After seeing the previews myself and realizing that Mr. Popper was being played by Jim Carrey, I knew the movie was going to be nothing like the book. As someone who generally avoids seeing movies based on books - especially books I've enjoyed - that put up a little red flag for me. As much as Mister Man loved reading the books, how would he do with the movie being different?

Having seeing the movie now, I can count on one hand the things in the movie that are the same as the book. It's hard to even say the movie is based on the book with all the differences. In a way, I think that made it easier for Mister Man to enjoy it, as it was a whole new story. I would have been just as happy with the original book turned into a movie, set in the beginning of last century and all.

In the movie, Carrey plays Mr. Popper, a man who grew up with a father who was always traveling to remote places looking for "something" that is never defined for us. He keeps in touch with his son primarily through radio contact when he can, but Mr. Popper grows up to be nothing like his father. He is a hard dealing, slick businessman who works for a company purchasing real estate to turn into a whole new entity. He's thisclose to making partner at the firm, and all he needs to do is get the owner of Tavern on the Green in Central Park to sell to him.

Enter the penguin who is left to him by his father in his will. Although there are more penguin excrement jokes in the movie than I needed, hilarity ensues. Mr. Popper does his best to return the penguin but accidentally orders five more. And then his son comes over to celebrate his birthday - he and his wife are divorced, and Mr. Popper's son and daughter live primarily with her - and thinks the penguins are his for his birthday.

The fact that the movie doesn't take itself seriously helps. A lot. Mr. Popper's assistant Pippi, played by Ophelia Lovibond, speaks completely in "P" alliterations. Amanda - Mr. Popper's ex-wife, played by Carla Gugino - has an over-the-top the world is full of sunshine and roses boyfriend Rick played by James Tupper. And then there's the wonderful surprise of seeing Angela Lansbury play Mrs. Van Gundy, the owner of Tavern on the Green.

Yes, the story is predictable. And yes, it's completely different from the book. And yes, there is some sophomoric humor tossed humor tossed in there that I personally could have done without. That said, the wee ones really enjoyed it. Mister Man was bouncing in his seat, and Little Miss was enthralled. It wasn't too scary for her (and trust me, she ran up to her room because Chitty Chitty Bang Bang was too scary for her).

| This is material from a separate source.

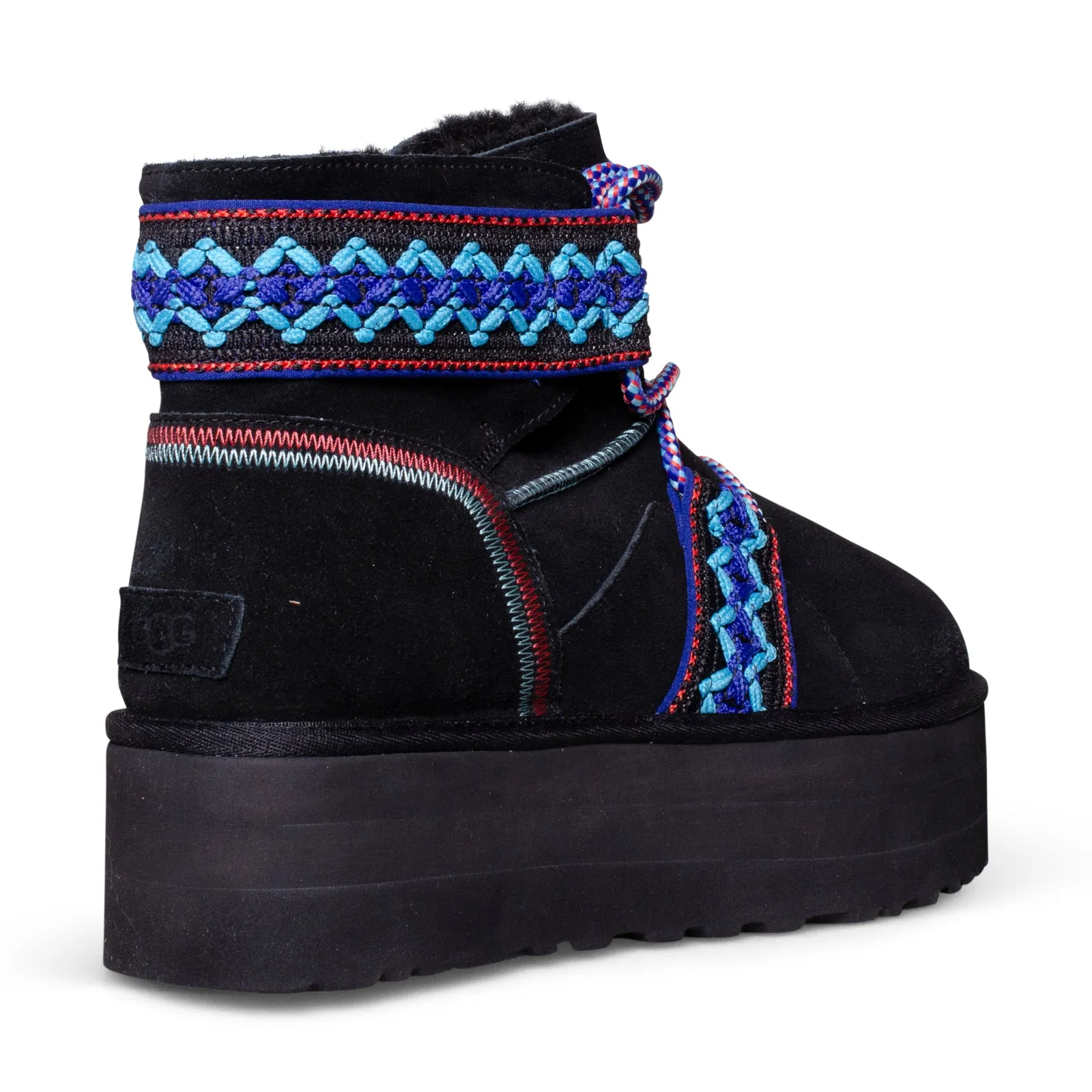 UGG Classic Mini II Braid Platform Black Boots - Women's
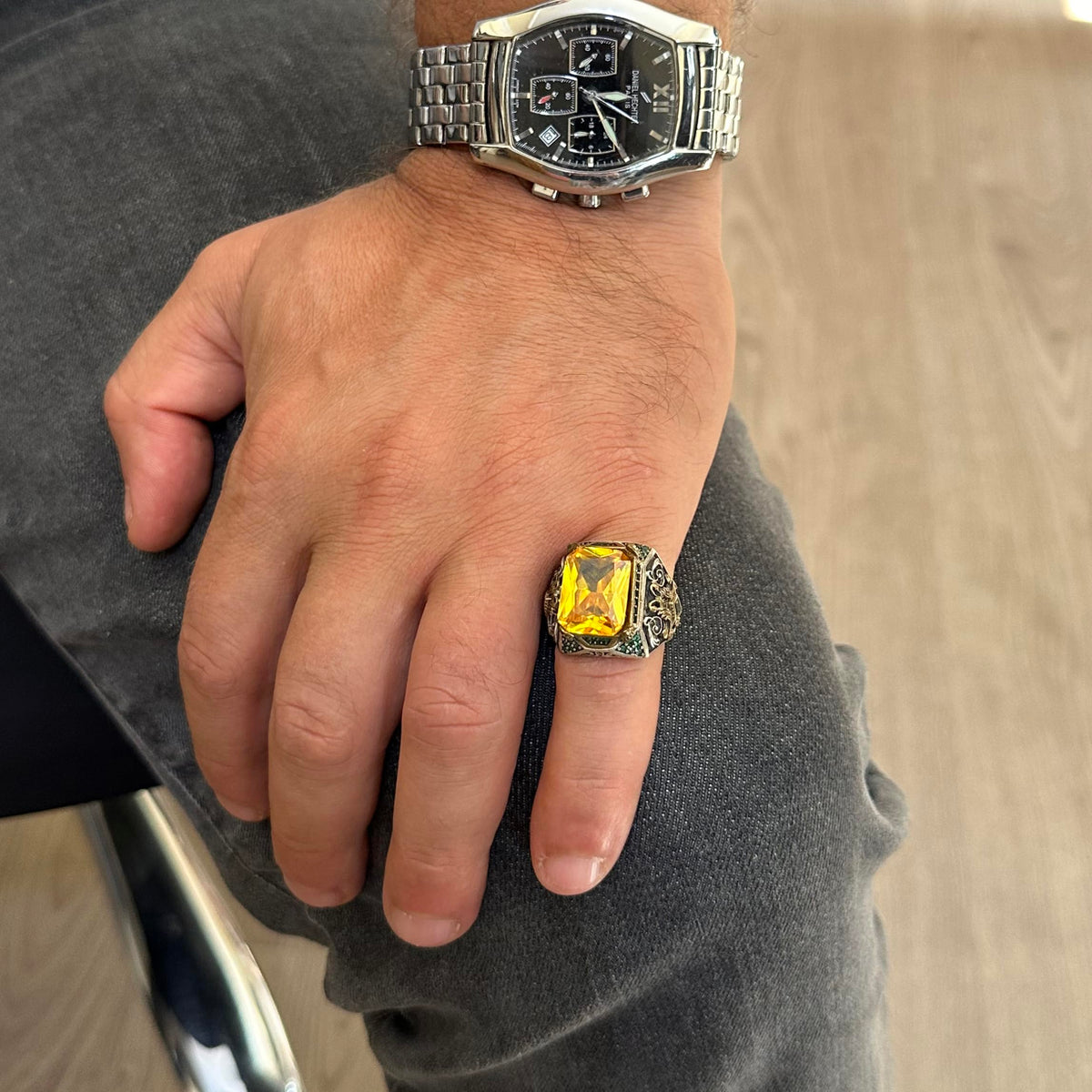 Silver Men's Ring - Artificial Citrine Stone - Vintage Design - Handmade Ring — 3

There were many cute parts in the movie from the penguins sleeping with Mr. Popper to the penguins invading a black tie event looking for him to Captain flying using a kite. It was better than I had expected, although still so different from what I had anticipated walking into the movie.

The movie opens today, June 17, in theaters nationwide. It is rated PG and runs just over an hour and a half.

In the interest of full disclosure, the wee ones and I attended a screening of "Mr. Popper's Penguins." I have not received any compensation, and as always, all opinions expressed remain my own.